2. Emergence de formes d’organisation collective de la production

2.1. La création des Groupements villageois (GV)

Les abus de confiance et les décisions commerciales unilatérales de la CFDT pour la commercialisation du coton-graine dans les villages avec des relations asymétriques de marché ont fait comprendre aux producteurs, la nécessité de se prendre en charge en se mettant en communautés. Alors prend forme l’élaboration d’actions collectives par les producteurs pour assurer la commercialisation de leur production.
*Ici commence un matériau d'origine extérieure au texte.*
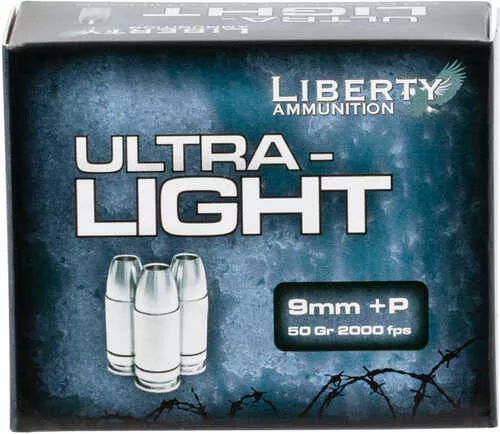 Liberty Ammunition Laul9052 Ultra-light 9mm Luger +p 50 Gr Copper Hollow Point 20 Bx/ 10 Cs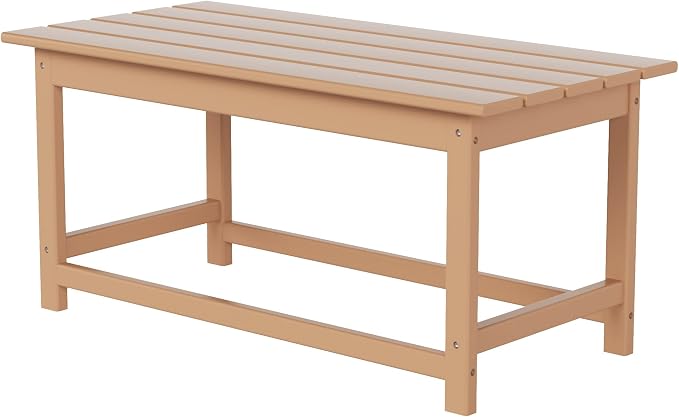 WO Home Furniture HDPE 2pcs Side and 1pc Coffee Table for Adirondack Chair, Weather and UV Resistant for Outdoor, Patio, Backyard, Porch, Garden, Teak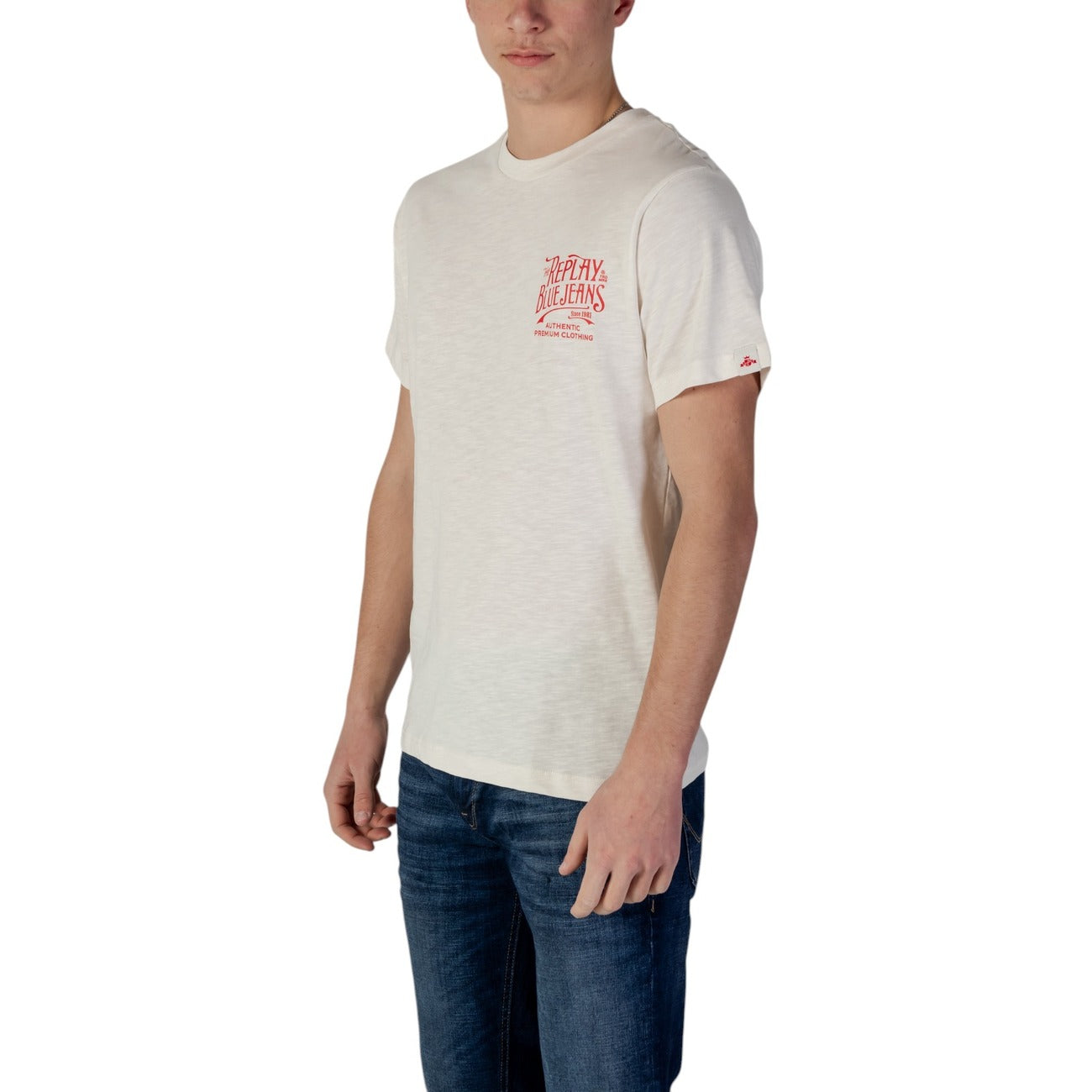 2401793 Replay T-Shirt Beige Stampa Uomo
L’émergence et le développement d'actions collectives et d’institutions formelles et légales de producteurs à travers les GV a commencé au Bénin en 1969-1970 parce que les producteurs n’étaient pas individuellement satisfaits du système de commercialisation des produits qui accroît l’incertitude. Ils n’étaient pas non plus satisfaits du mode de fixation et du niveau des prix d’achat du coton-graine que leur proposait l’acheteur.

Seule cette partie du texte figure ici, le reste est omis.